Adam Kenji Yamamoto1, Joerg Magerkurth2, Laura Mancini1,3, Mark J White1,4, Samira M Kazan5, Anna Miserocchi6, Andrew W McEvoy6, Ian Appleby7, John Thornton1,3, Cathy J Price5, Nikolaus Weiskopf5,8, and Tarek A Yousry1,3

1Neuroradiological Academic Unit, UCL Institute of Neurology, London, United Kingdom, 2Psychology and Language Sciences, Birkbeck-UCL Centre for Neuroimaging, London, United Kingdom, 3Lysholm Department of Neuroradiology, National Hospital for Neurology and Neurosurgery, London, United Kingdom, 4Medical Physics and Biomedical Engineering, University College London Hospital, London, United Kingdom, 5Wellcome Trust Centre for Neuroimaging, UCL Institute of Neurology, London, United Kingdom, 6Department of Neurosurgery, National Hospital for Neurology and Neurosurgery, London, United Kingdom, 7Department of Neuroanaesthesia, National Hospital for Neurology and Neurosurgery, London, United Kingdom, 8Department of Neurophysics, Max Planck Institute for Human Cognitive and Brain Sciences, Leipzig, Germany

Synopsis

Intra-operative fMRI has the potential to improve neurosurgical outcomes and we have previously shown that the task-related BOLD signal can be acquired under general anaesthesia. Our next goal was to acquire fMRI intra-operatively with the skull open.
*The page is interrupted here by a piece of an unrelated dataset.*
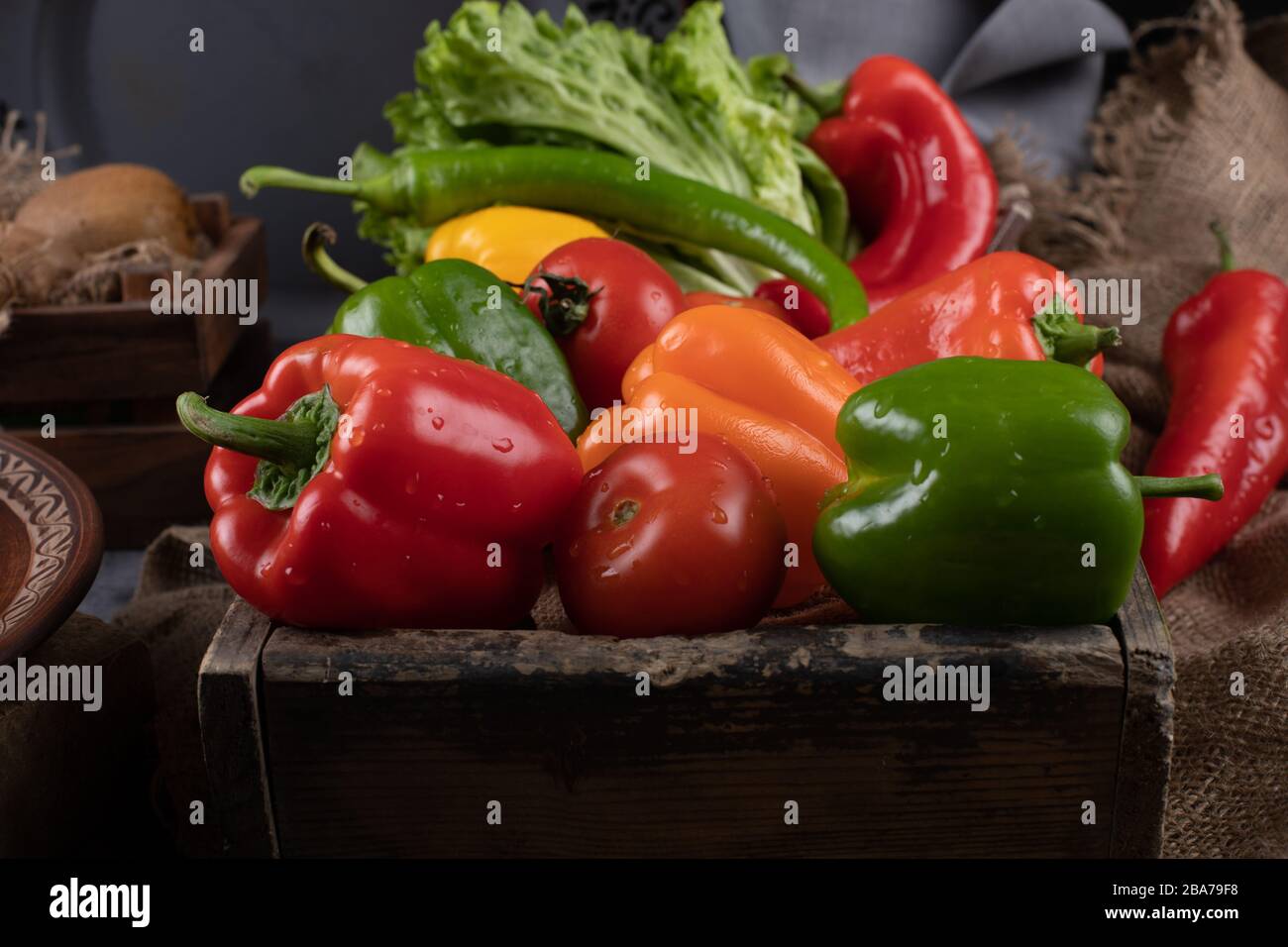 Colored bell peppers in a rustic container Stock Photo Alamy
In 12 patients, we performed 24 acquisitions of a passive sensorimotor paradigm during the resection of their brain tumour. The fMRI data were evaluated by neuroradiologists, assessing its applicability for the provision of a clinical report on the location of sensorimotor activation to the neurosurgeon. 17/24 acquisitions were scored as useful.

We conclude that intra-operative fMRI is feasible and produces clinically useful data.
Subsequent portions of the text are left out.